O Código do Trabalho tem uma questão-base que se chama salário mínimo. Há uma retribuição mínima obrigatória e estes professores, ao serem contratados ao abrigo do Código do Trabalho, estão abrangidos por ela. Portanto, a situação é ilegal. Já a denunciámos à Autoridade para as Condições do Trabalho (ACT). O problema é como é que um ministro e todo um ministério não souberam ver isto e decidiram dar cobertura ao conselho de reitores (CRUP). Esta espécie de compadrio sem antes investigar é uma situação que não nos deixa de todo confortáveis. Sobretudo quando estamos a aferir de ilegalidades e de imoralidades.
Mas isto são situações que acontecem já há alguns anos…
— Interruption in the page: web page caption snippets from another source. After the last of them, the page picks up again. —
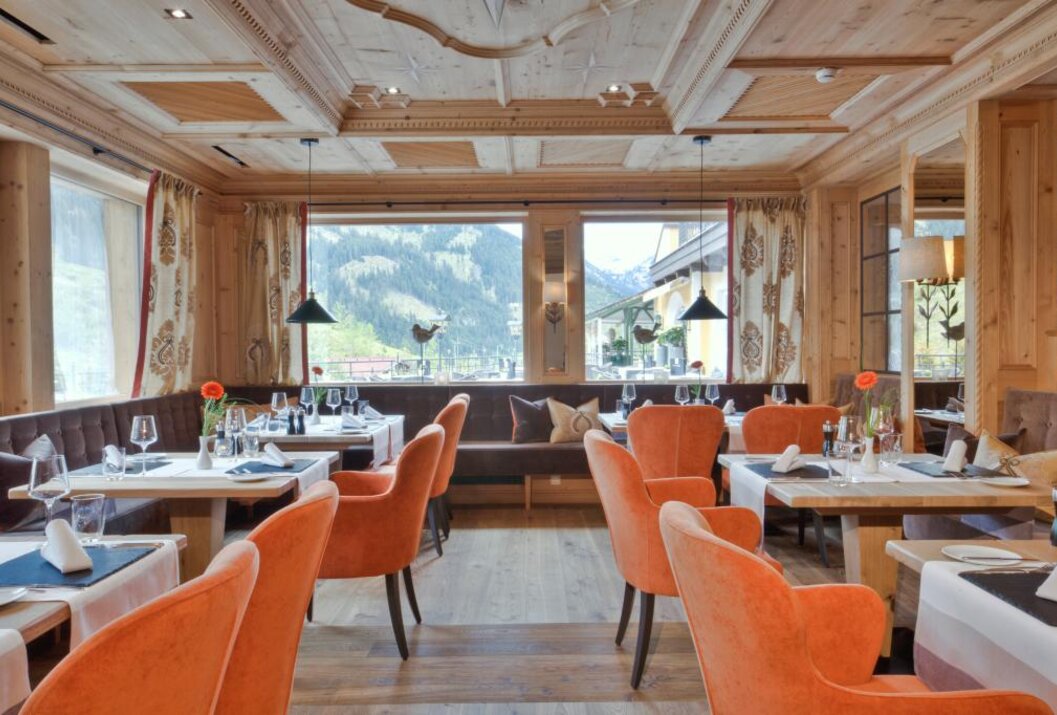 Restaurant mit orangefarbenen Sesseln, gedeckten Tischen und Blick auf Berge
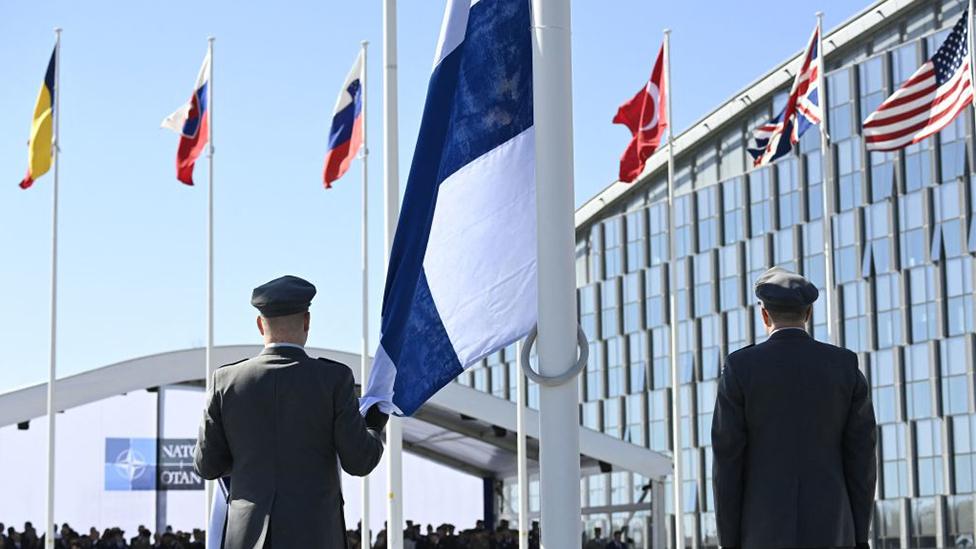 Finnish military personnel install the Finnish national flag at the NATO headquarters in Brussels, on April 4, 2023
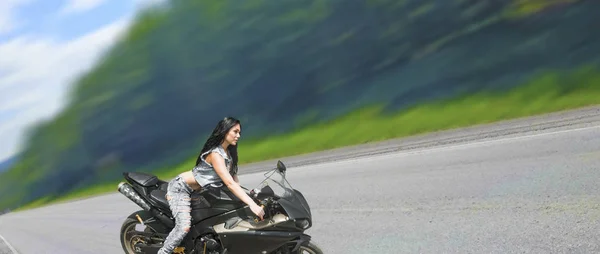 黒のスポーツ バイクに座って美しいブルネットの女性の肖像画 デニムのベストを身に着けている非常に熱いセクシーな若い女の子 — ストック写真
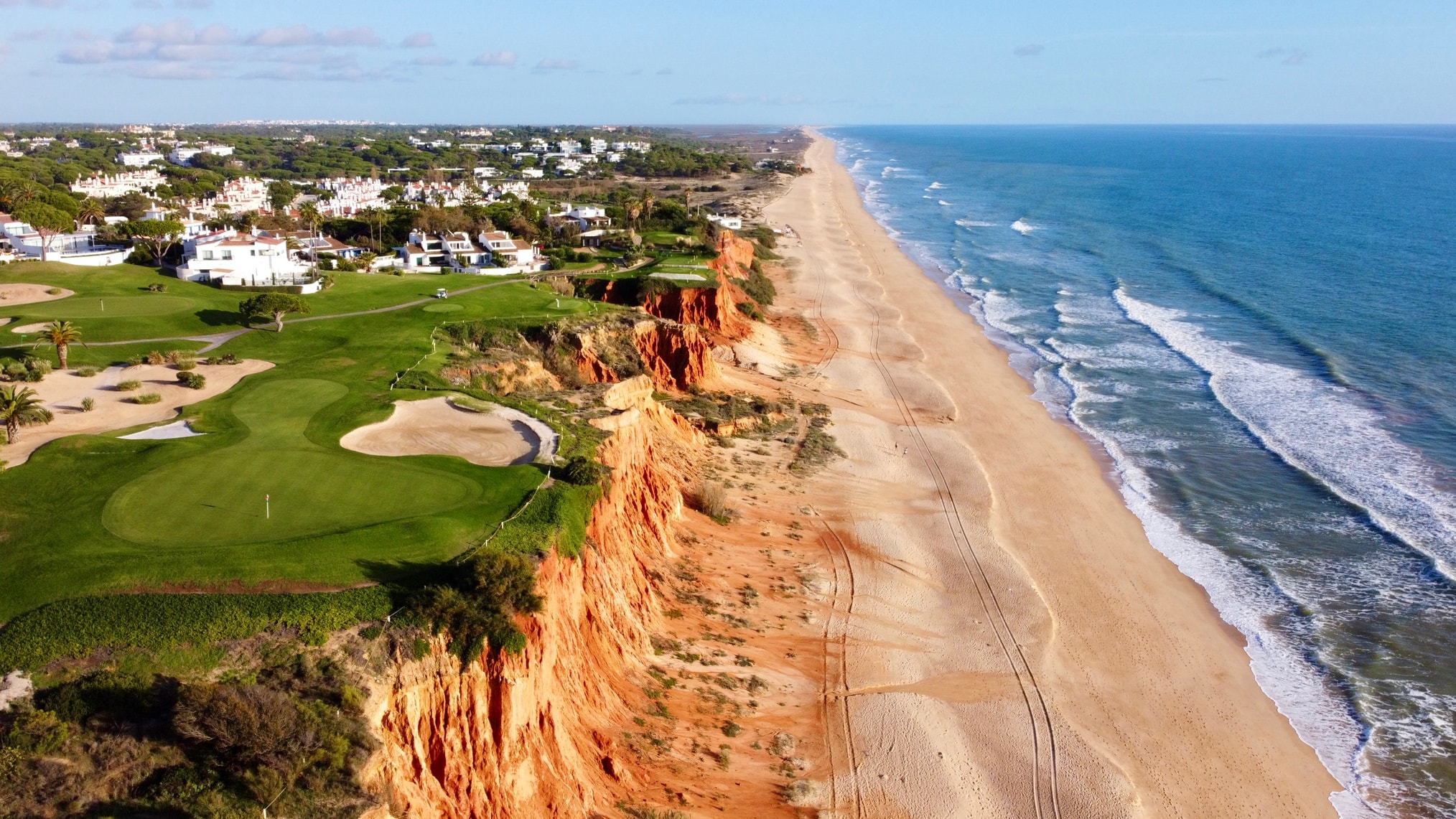 Aerial view of luxury villas and golf course in Quinta do Lago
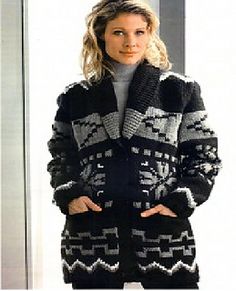 a woman standing in front of a door wearing a black and white knitted coat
Tivemos relatos de diversos anos. Durante muito tempo, o sindicato esteve a verificar isto. Todos estes casos se referem a este ano letivo. A questão é o nível de desfaçatez a que isto chegou.
Vão avançar com alguma queixa em Bruxelas ou junto de qualquer outra entidade?
A contestação poderá subir de tom, a um nível que não envolve apenas instâncias internacionais. Temos pessoas que estão cada vez mais insatisfeitas com o sistema. E aquilo que estamos a viver no ensino superior fere a legitimidade do Estado de direito.
Há mais situações de irregularidades?
Recebi um despacho do presidente do Politécnico do Cávado e Ave que estipula que cada hora de um professor convidado conta como 50% para um determinado número de alunos e, para outro determinado número de alunos, 75%. Os professores estão lá uma hora, mas para o presidente do politécnico do Cávado e Ave não estão lá, só lá estão meia hora. Inventa monitores… aquilo é um regabofe. De uma ponta a outra, o despacho tem uma série de enormidades. E este despacho é uma cópia na versão mais agressiva, quase igual, de um despacho do Politécnico de Santarém.
Qual é a justificação?
Dificuldades financeiras. E a minha questão é: então o contrato [de confiança entre o governo e o ensino superior] para a legislatura serviu para quê?
A situação vai piorar com as universidades que passam a ser fundações?
É óbvio. Por indicações da OCDE, foi reforçado o papel dos reitores. São uma espécie de CEO públicos. Mas são funcionários públicos e são gestores públicos que têm de ser responsabilizados por aquilo que fazem. Têm de existir na administração pública mecanismos institucionais capazes de fiscalizar a sua ação. Esses mecanismos não existem.